2022-04-15 09:57:16

by NeilBrown

[permalink] [raw]
Subject: [PATCH/RFC] md: remove media-change code


md only ever used the media-change interfaces to trigger a partition
rescan once the array became active. Normally partition scan only
happens when the disk is first added, and with md the disk is typically
inactive when first added.

This rescan can now be achieved by simply setting GD_NEED_PART_SCAN.
So do that, and remove all the rescan.

This has the side effect of causing 'diskseq' to be stable for md devices.
Preciously diskseq would be incremented once the device became active
but no uevent would be generated to report this increment. This was
confusing to systemd.

https://github.com/systemd/systemd/pull/23011

Signed-off-by: NeilBrown <[email protected]>
---
drivers/md/md.c | 19 ++-----------------
drivers/md/md.h | 2 --
2 files changed, 2 insertions(+), 19 deletions(-)

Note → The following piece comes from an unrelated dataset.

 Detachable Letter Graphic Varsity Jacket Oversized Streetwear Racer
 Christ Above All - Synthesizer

diff --git a/drivers/md/md.c b/drivers/md/md.c
index 309b3af906ad..0ea4d34ec682 100644
--- a/drivers/md/md.c
+++ b/drivers/md/md.c
@@ -5713,7 +5713,6 @@ static int md_alloc(dev_t dev, char *name)
mddev->queue = disk->queue;
blk_set_stacking_limits(&mddev->queue->limits);
blk_queue_write_cache(mddev->queue, true, true);
- disk->events |= DISK_EVENT_MEDIA_CHANGE;
mddev->gendisk = disk;
error = add_disk(disk);
if (error)
@@ -6089,7 +6088,7 @@ int do_md_run(struct mddev *mddev)

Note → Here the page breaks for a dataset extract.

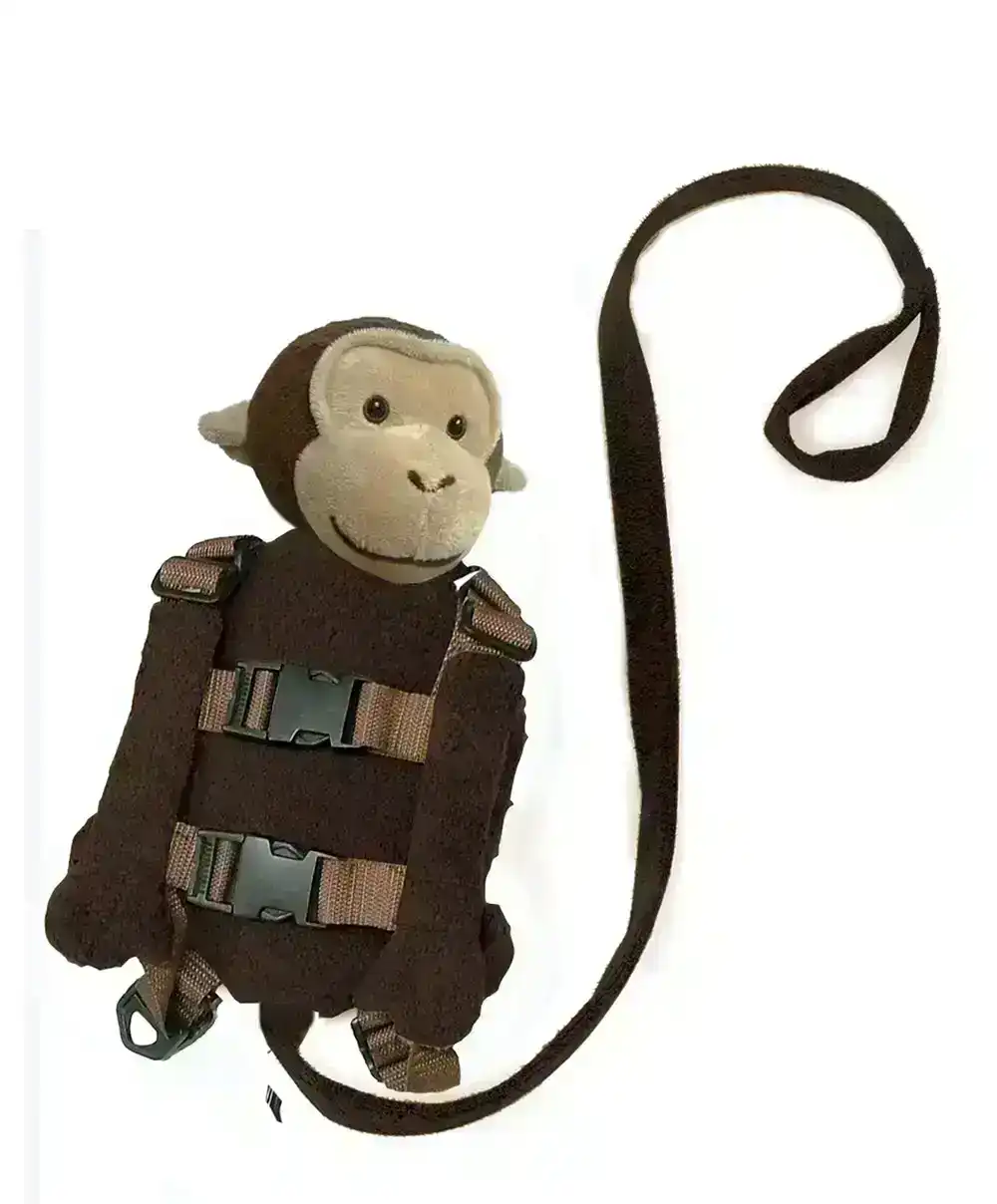 Playette 2-in-1 Travel Harness Buddy/Adjustable Strap Baby/Kids 18m-4y Monkey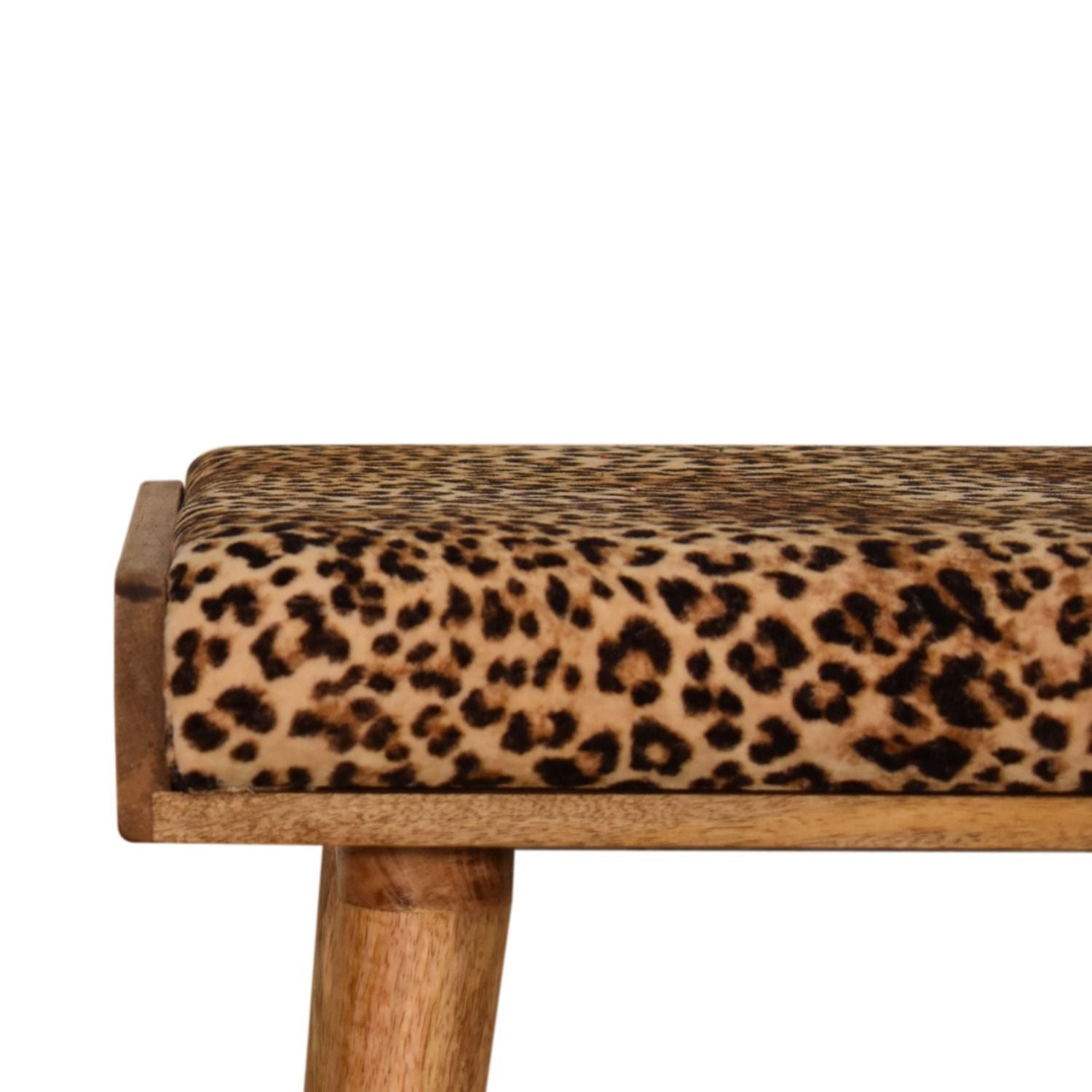 Leopard Velvet Tray Style Footstool - Brown Oak - Best Buy Furniture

set_capacity_and_notify(mddev->gendisk, mddev->array_sectors);
clear_bit(MD_NOT_READY, &mddev->flags);
- mddev->changed = 1;
+ set_bit(GD_NEED_PART_SCAN, &mddev->gendisk->state);
kobject_uevent(&disk_to_dev(mddev->gendisk)->kobj, KOBJ_CHANGE);
sysfs_notify_dirent_safe(mddev->sysfs_state);
sysfs_notify_dirent_safe(mddev->sysfs_action);
@@ -6191,7 +6190,6 @@ static void md_clean(struct mddev *mddev)
mddev->sync_speed_min = mddev->sync_speed_max = 0;
mddev->recovery = 0;
mddev->in_sync = 0;
- mddev->changed = 0;
mddev->degraded = 0;
mddev->safemode = 0;
mddev->private = NULL;
@@ -6407,7 +6405,7 @@ static int do_md_stop(struct mddev *mddev, int mode,

set_capacity_and_notify(disk, 0);
mutex_unlock(&mddev->open_mutex);
- mddev->changed = 1;
+ set_bit(GD_NEED_PART_SCAN, &mddev->gendisk->state);

if (mddev->ro)
mddev->ro = 0;
@@ -7839,7 +7837,6 @@ static int md_open(struct block_device *bdev, fmode_t mode)
atomic_inc(&mddev->openers);
mutex_unlock(&mddev->open_mutex);

- bdev_check_media_change(bdev);
out:
if (err)
mddev_put(mddev);
@@ -7855,17 +7852,6 @@ static void md_release(struct gendisk *disk, fmode_t mode)
mddev_put(mddev);
}

-static unsigned int md_check_events(struct gendisk *disk, unsigned int clearing)
-{
- struct mddev *mddev = disk->private_data;
- unsigned int ret = 0;
-
- if (mddev->changed)
- ret = DISK_EVENT_MEDIA_CHANGE;
- mddev->changed = 0;
- return ret;
-}
-
const struct block_device_operations md_fops =
{
.owner = THIS_MODULE,
@@ -7877,7 +7863,6 @@ const struct block_device_operations md_fops =
.compat_ioctl = md_compat_ioctl,
#endif
.getgeo = md_getgeo,
- .check_events = md_check_events,
.set_read_only = md_set_read_only,
};

diff --git a/drivers/md/md.h b/drivers/md/md.h
index 6ac283864533..aec433ae5947 100644
--- a/drivers/md/md.h
+++ b/drivers/md/md.h
@@ -405,8 +405,6 @@ struct mddev {
atomic_t active; /* general refcount */
atomic_t openers; /* number of active opens */

- int changed; /* True if we might need to
- * reread partition info */
int degraded; /* whether md should consider
* adding a spare
*/
--
2.35.2


2022-04-16 01:16:18

by Mariusz Tkaczyk

[permalink] [raw]
Subject: Re: [PATCH/RFC] md: remove media-change code

On Thu, 14 Apr 2022 16:06:05 +1000
"NeilBrown" <[email protected]> wrote:

> md only ever used the media-change interfaces to trigger a partition
> rescan once the array became active. Normally partition scan only
> happens when the disk is first added, and with md the disk is typically
> inactive when first added.
>
> This rescan can now be achieved by simply setting GD_NEED_PART_SCAN.
> So do that, and remove all the rescan.
>
Hi Neil,

I experimented in this area in the past, mainly on IMSM (external
metadata). My problem is described here:
https://lore.kernel.org/linux-raid/SA0PR11MB4542ECA84F72506B39C3C9F1FFEE0@SA0PR11MB4542.namprd11.prod.outlook.com/
I lost reproduction on newer kernels, probably changes in block layer hide
issue, it seems to be time race. The change you proposed could bring the issue
back.

The current way is working, so I consider your change as potentially dangerous.
Anyway, I will help with testing if Song decides to take it.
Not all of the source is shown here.